■ EXERCISE PROMPT:
Repeat the lines beginning at the one with "this 730×505 image." and running to the end of the material, keeping the first and last of them, exactly as they appear.

DATA PROVIDED Block Start

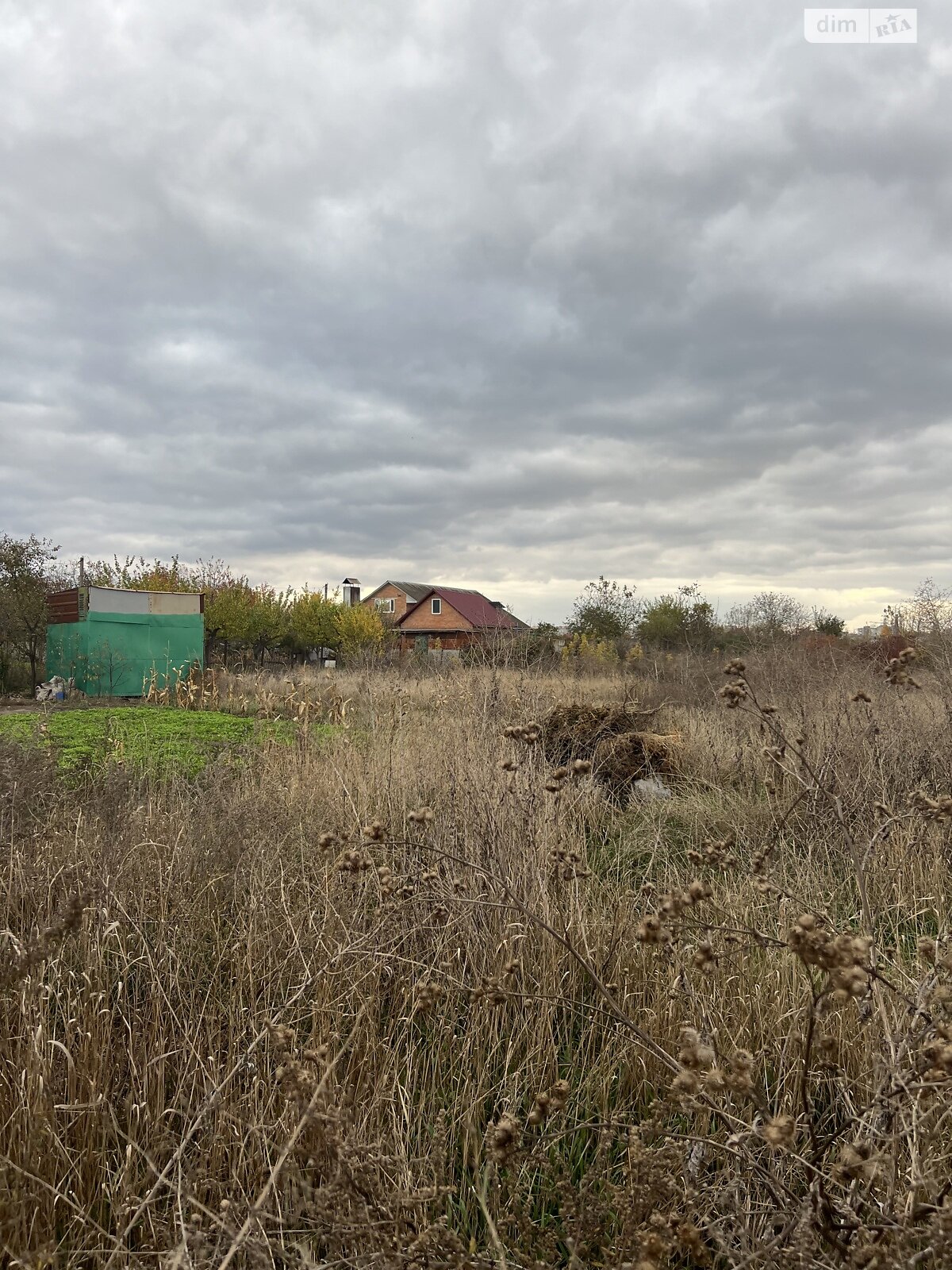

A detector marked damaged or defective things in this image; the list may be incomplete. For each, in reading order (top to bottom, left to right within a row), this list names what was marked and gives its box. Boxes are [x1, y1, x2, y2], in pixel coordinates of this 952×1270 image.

rusty metal wall panel [87, 587, 149, 617]
rusty metal wall panel [148, 591, 202, 617]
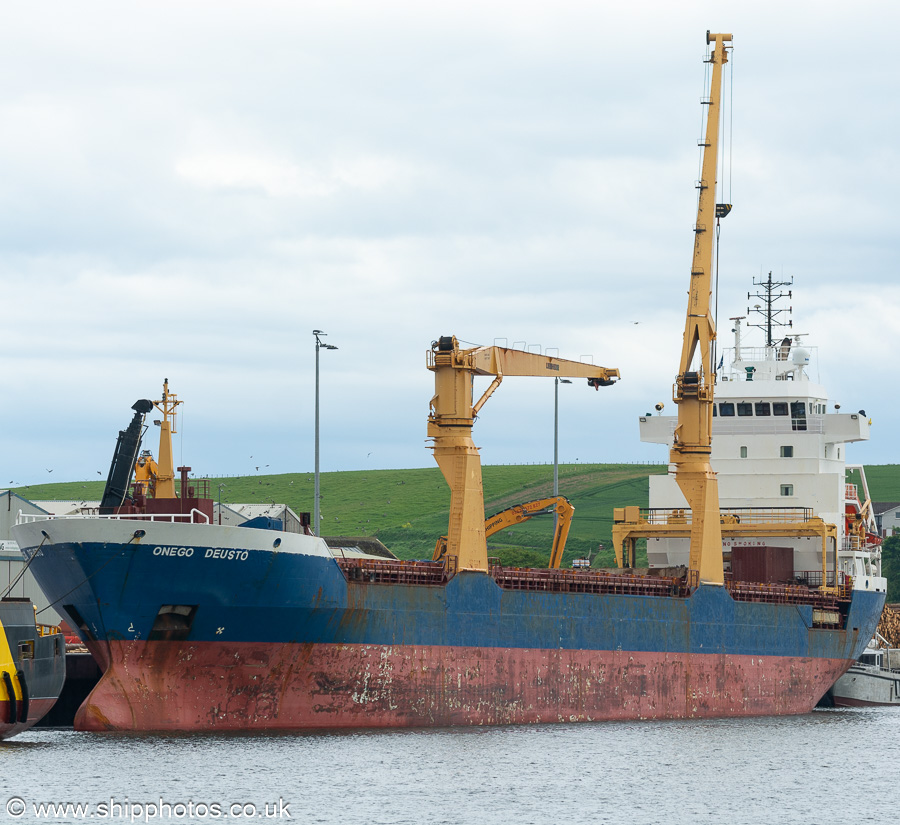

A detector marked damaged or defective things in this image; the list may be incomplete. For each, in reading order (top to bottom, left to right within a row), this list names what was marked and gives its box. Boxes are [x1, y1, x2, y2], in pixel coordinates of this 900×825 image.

red rust hull [74, 640, 848, 732]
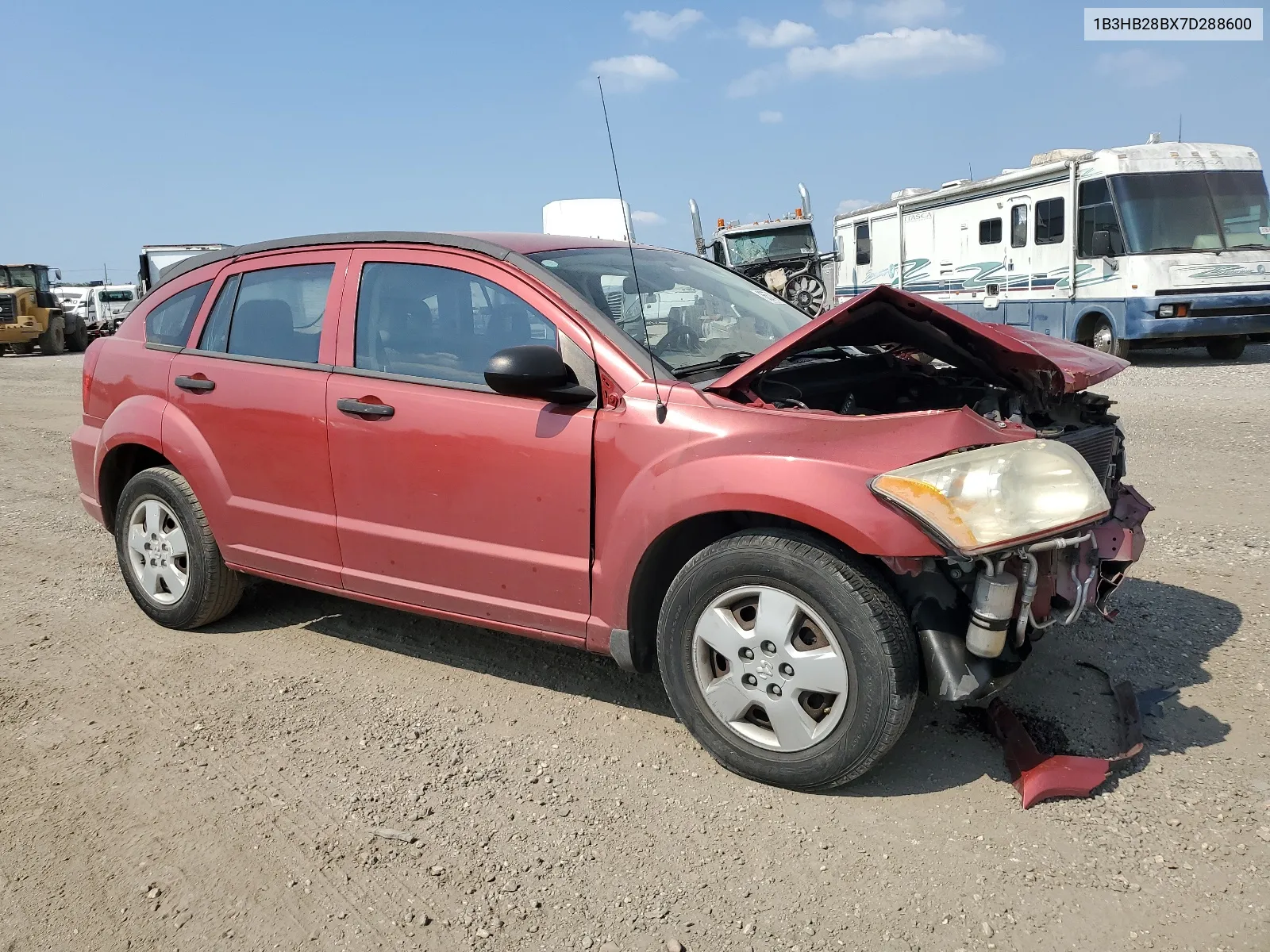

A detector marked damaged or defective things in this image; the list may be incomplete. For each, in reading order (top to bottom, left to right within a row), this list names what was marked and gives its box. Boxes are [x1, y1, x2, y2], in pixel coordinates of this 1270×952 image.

crumpled hood [706, 286, 1133, 401]
damaged red hatchback [74, 235, 1158, 792]
broken red bumper piece [985, 680, 1148, 812]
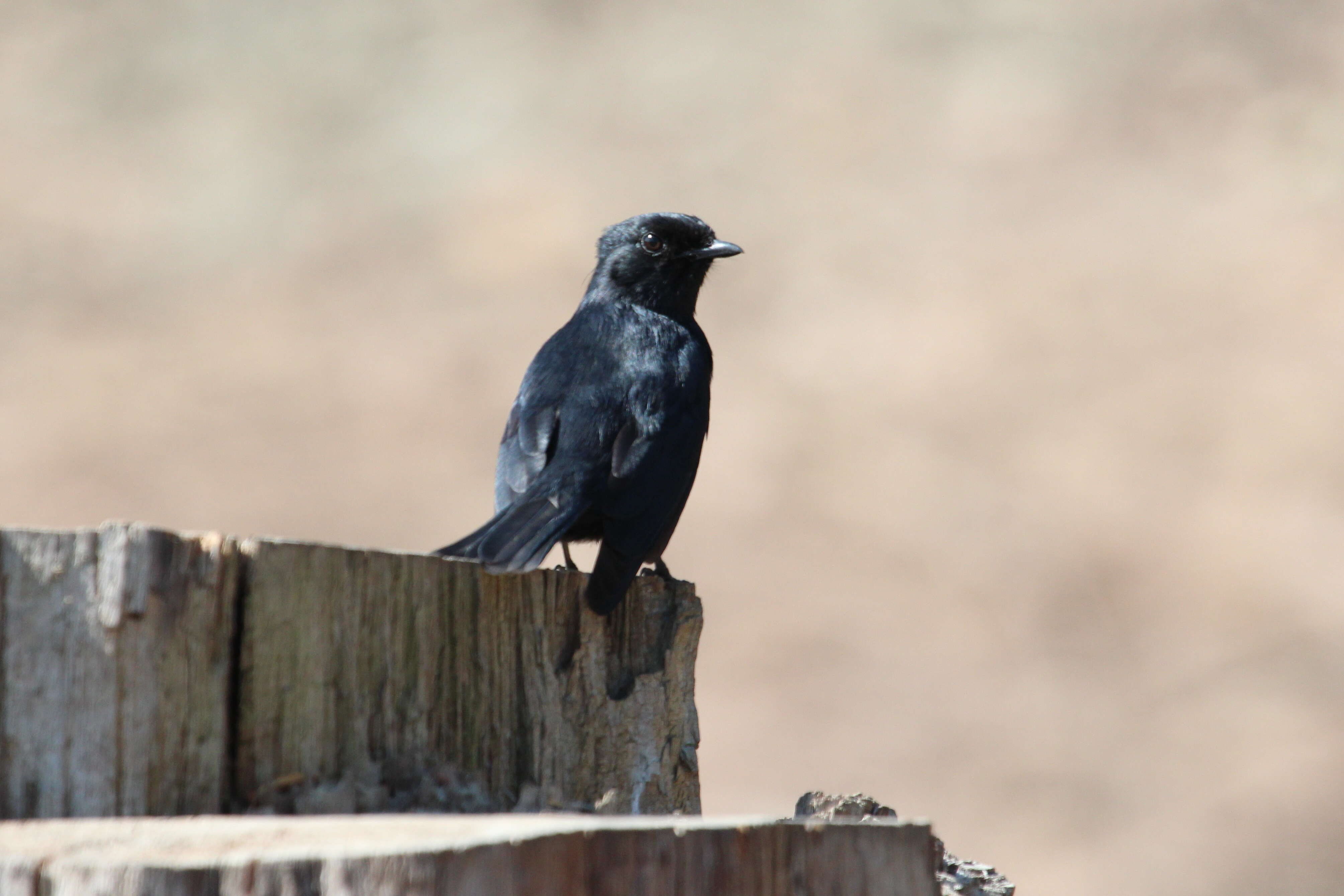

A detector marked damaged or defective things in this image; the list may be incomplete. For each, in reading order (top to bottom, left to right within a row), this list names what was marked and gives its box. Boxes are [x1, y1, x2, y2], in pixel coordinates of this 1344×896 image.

splintered wood edge [0, 817, 930, 865]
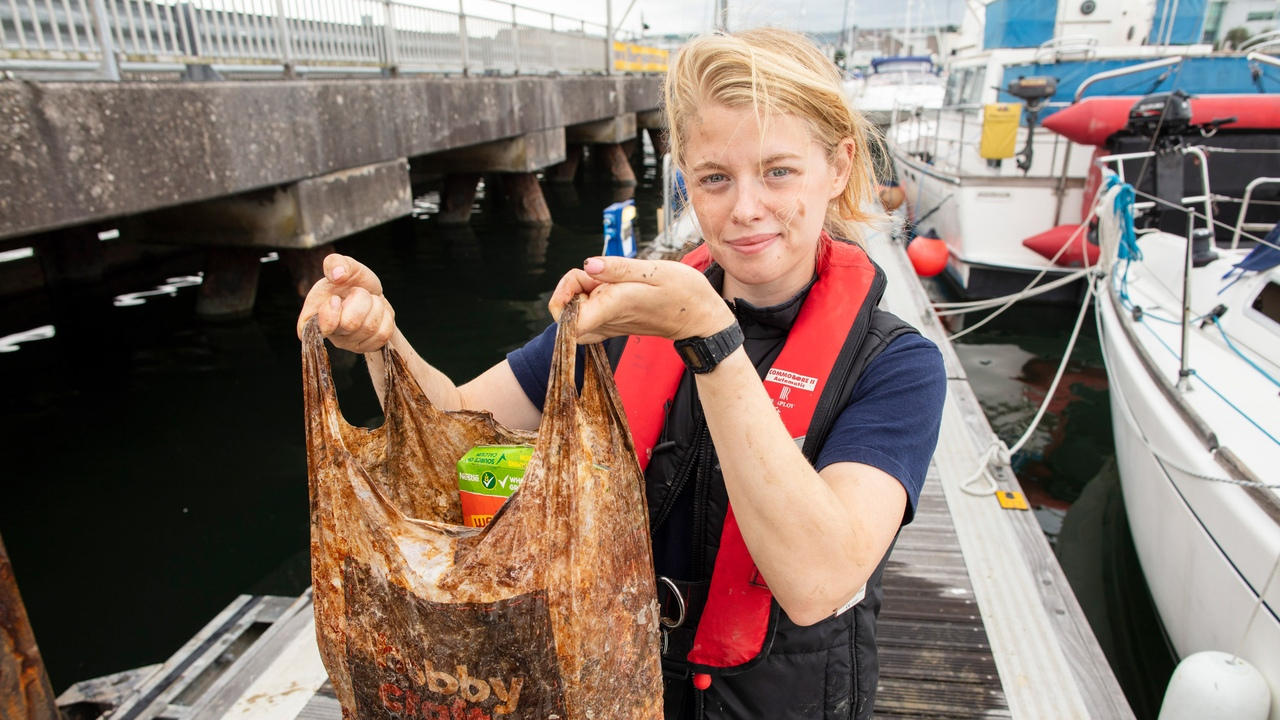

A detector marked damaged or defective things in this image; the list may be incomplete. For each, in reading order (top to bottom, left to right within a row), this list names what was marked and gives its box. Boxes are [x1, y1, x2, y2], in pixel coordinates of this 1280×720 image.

rusty debris [300, 300, 660, 720]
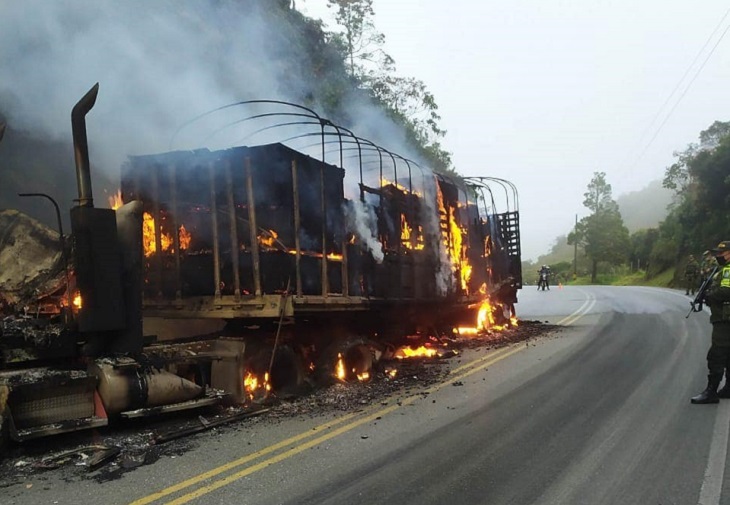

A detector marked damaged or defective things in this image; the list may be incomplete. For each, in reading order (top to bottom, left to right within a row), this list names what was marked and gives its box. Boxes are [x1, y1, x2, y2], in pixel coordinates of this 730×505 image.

charred debris [0, 84, 524, 454]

DATA PROVIDED Block End

■ THE COMPLETED TASK:
A detector marked damaged or defective things in this image; the list may be incomplete. For each, in reading order (top to bottom, left to right within a row), this list names what was marked and gives its box. Boxes are [x1, y1, x2, y2], in pixel coordinates of this 730×505 image.

charred debris [0, 84, 524, 454]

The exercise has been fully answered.